(Scraped caption text data)
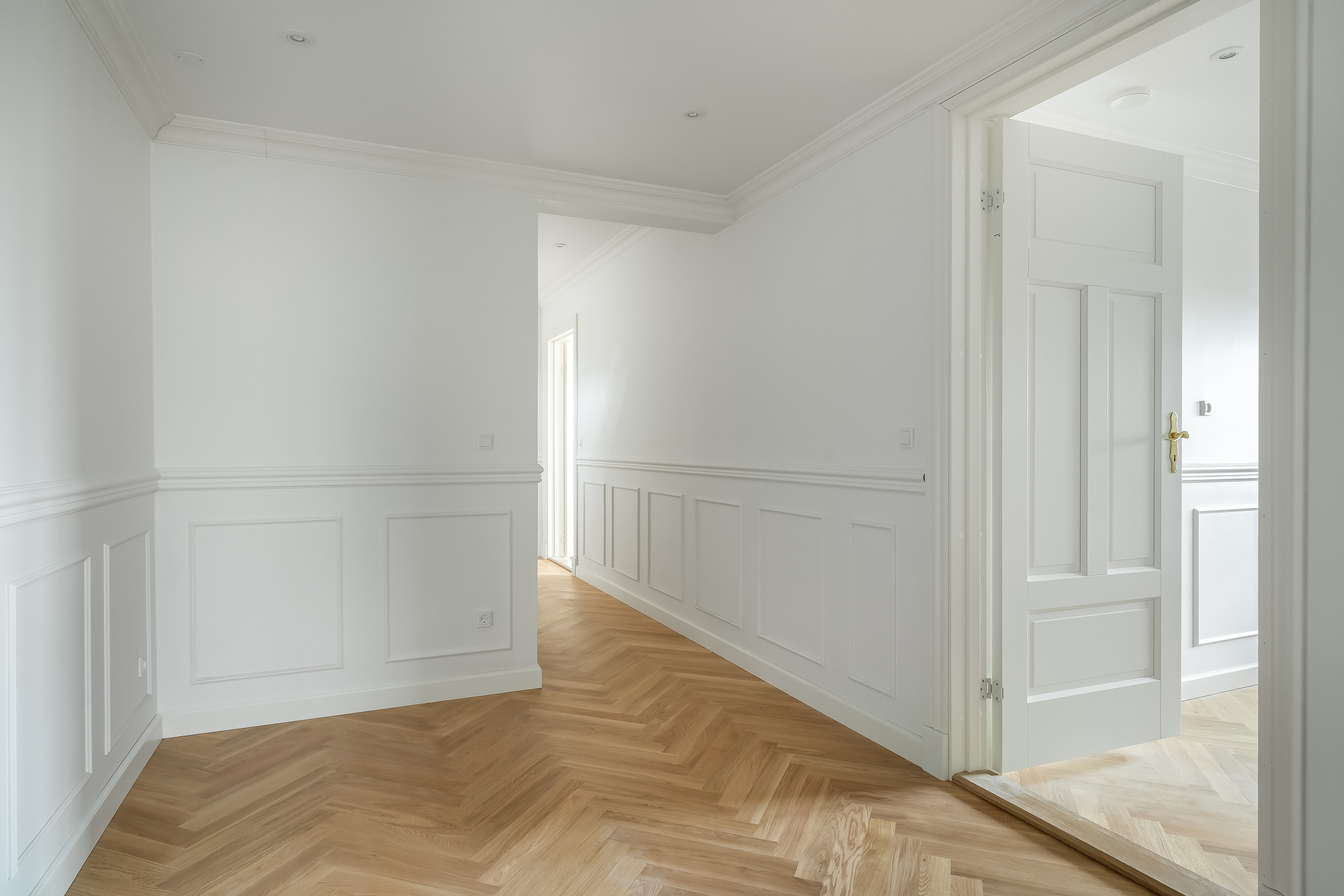 Fremhævet gang billede i fuldskærmstilstand. Billede af Voldgade 17, 7620 Lemvig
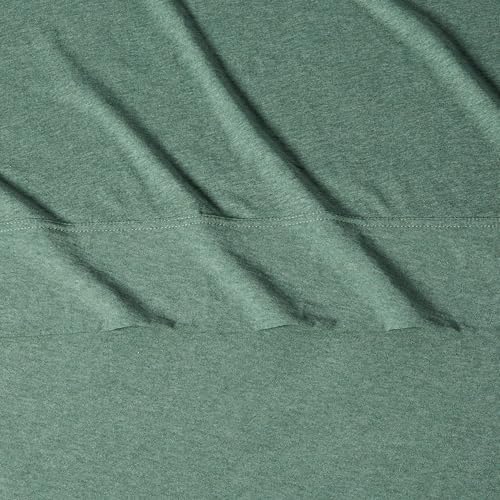 Amazon Basics 100% Cotton Jersey Bed Sheet Set, Full Size, Breathable and - Image 5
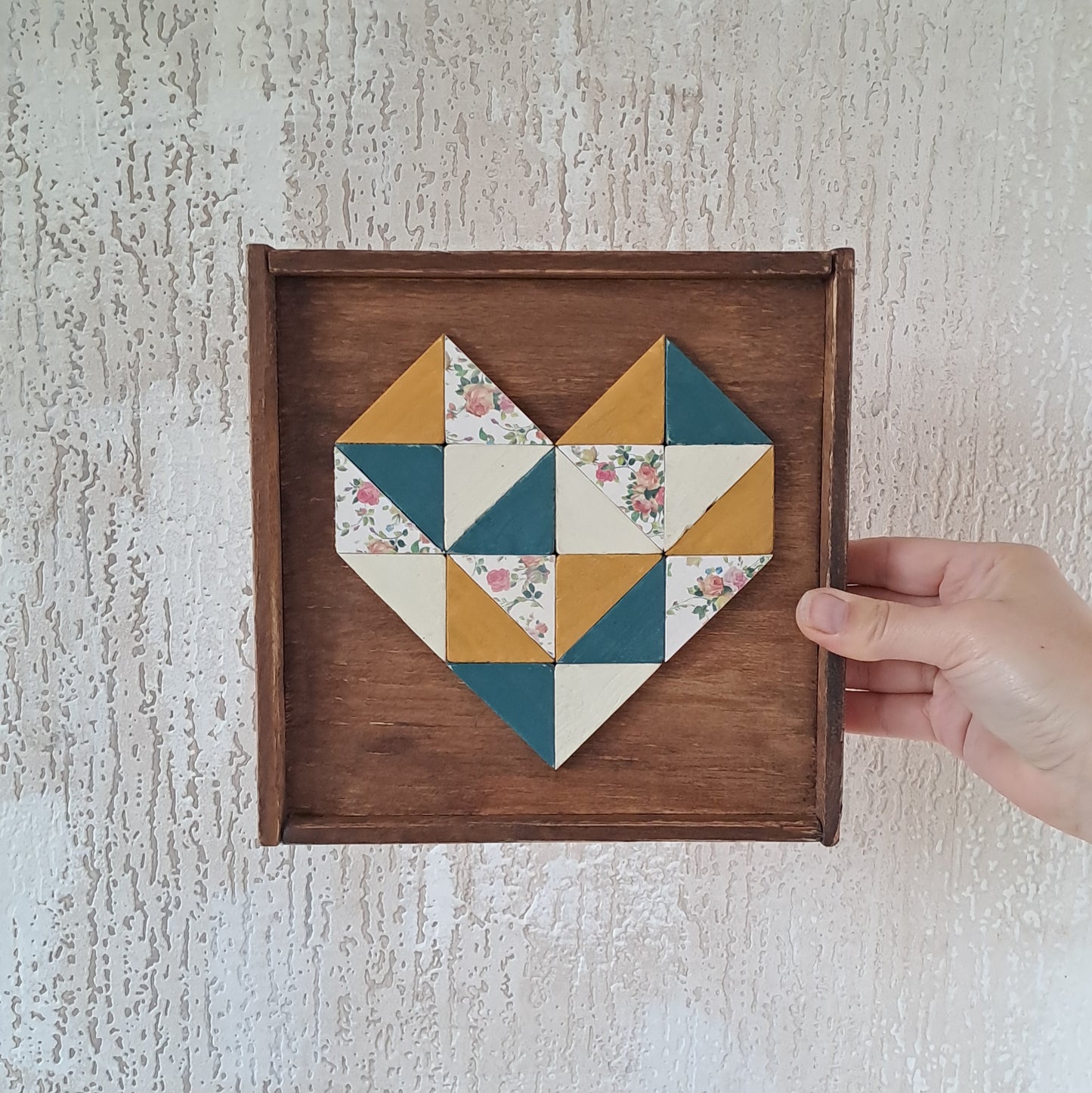 Houten decoratie hart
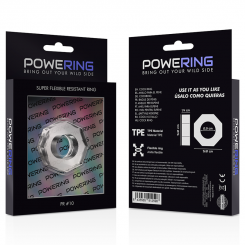 Powering - superjoustava ja resistant penisrengas 5cm pr10  kirkas 1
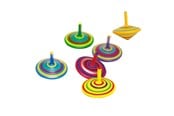 Rollenspiele - Small Foot - Wooden Spinning Top with Stripes 6pc - 1730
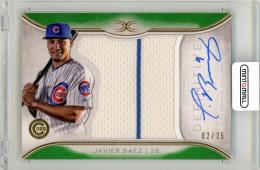 2018 Topps Definitive Collection Javier Baez Autograph Relics Green【02/25】 Chicago Cubs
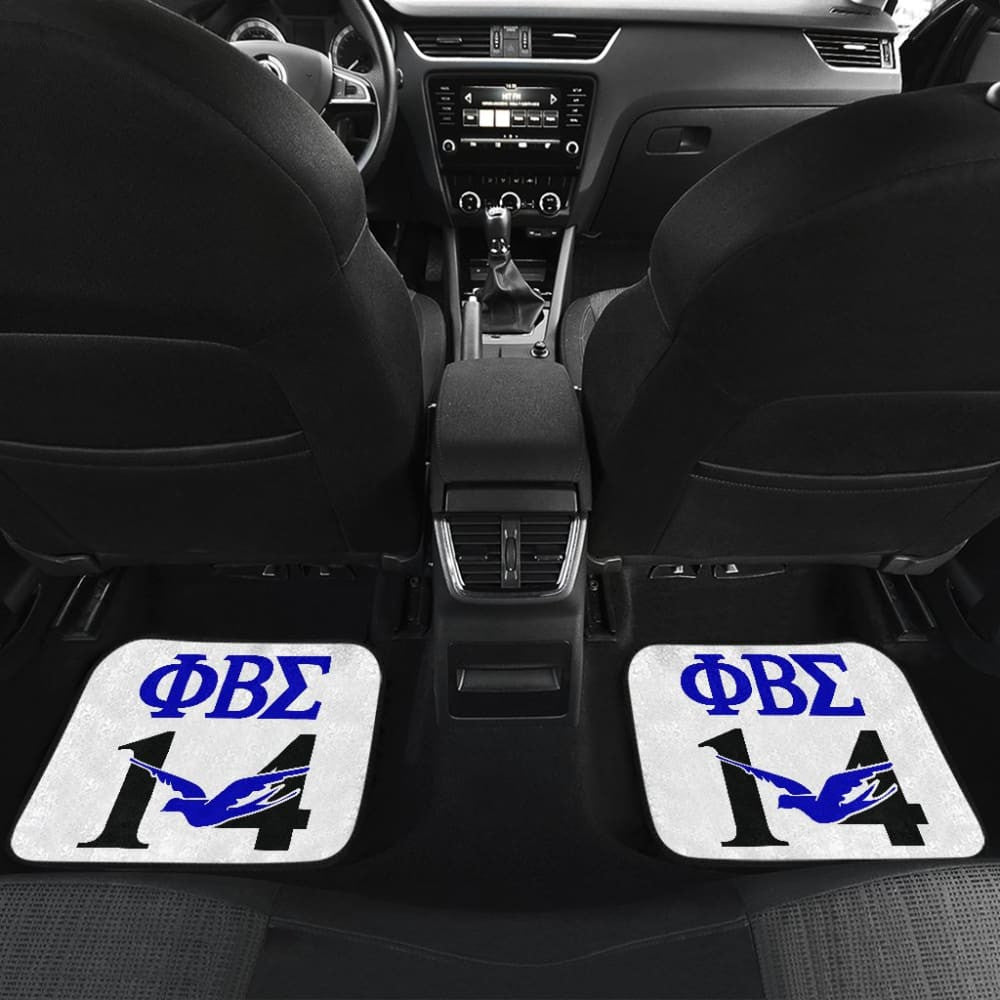 Phi Beta Sigma Fraternity Printing Car Floor Mats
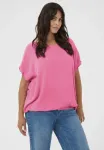 Блузка stanley ss Kaffe Curve, Pink Power - фото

▶ **Exercise**
Every line from the one that contains "Rollenspiele - Small" through the end of the records above is to be reproduced exactly; no picture goes in the copy.

▶ **Exercise response**
 Rollenspiele - Small Foot - Wooden Spinning Top with Stripes 6pc - 1730
 2018 Topps Definitive Collection Javier Baez Autograph Relics Green【02/25】 Chicago Cubs
 Phi Beta Sigma Fraternity Printing Car Floor Mats
 Блузка stanley ss Kaffe Curve, Pink Power - фото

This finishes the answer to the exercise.